Tünde Csonkics, championne de Hongrie en 1981. © Magyarpart

« Les échecs ont toujours été un univers très masculin », déplore Tünde en baissant les bras. Selon la fédération internationale des échecs, seules 37 femmes possèdent le titre de grand maître international (GMI), contre 1 698 hommes. En vingt ans, la proportion de GMI féminin est néanmoins passée de 6 à 15 %. Il y a une amélioration, mais « il est très difficile de déconstruire les mentalités traditionnelles, soupire Tünde, surtout en Hongrie… les hommes sont très machos ! » En prenant une gorgée de café, elle se remémore une anecdote : « A l’école primaire de ma fille, le professeur d’échecs avait dit que le cerveau des femmes était moins développé que celui des hommes. » Elle repose sa tasse, toujours indignée vingt ans après. « Compris ? », demande-t-elle toujours en roulant le « r ». Elle se met soudainement à rire : « J’ai réussi à le faire virer de l’école et j’ai enseigné les échecs à sa place ! » Tünde est sollicitée par l’équipe nationale féminine de Bulgarie pour devenir leur coach, mais hésite à accepter le poste faute de temps.

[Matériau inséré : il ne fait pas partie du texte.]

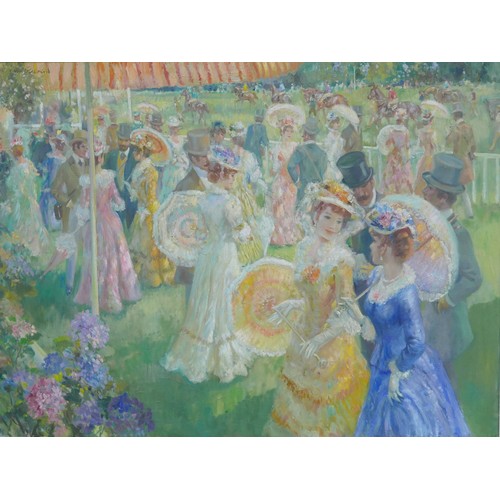 328 - John Strevens (British, 1902-1990): Belle Epoque style social gathering at the races, signed, 90.5 b...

Sa vie de famille reste la priorité. 

Le saviez-vous ?
En Hongrois, la « dame » se dit « vezér » en référence au « vizir ».

POURQUOI ? Les échecs sont apparus en Europe grâce aux Maures et à la culture d’Afrique du Nord. À cette époque, le vizir était la personne la plus puissante de la société. C’est donc en référence qu’ils ont nommé la « dame », pièce la plus puissante aux échecs : « vezér ».

A contrario, le « pion » se dit « paraszt » qui veut dire « paysan » car il est considéré comme la pièce la moins puissante du jeu d’échecs.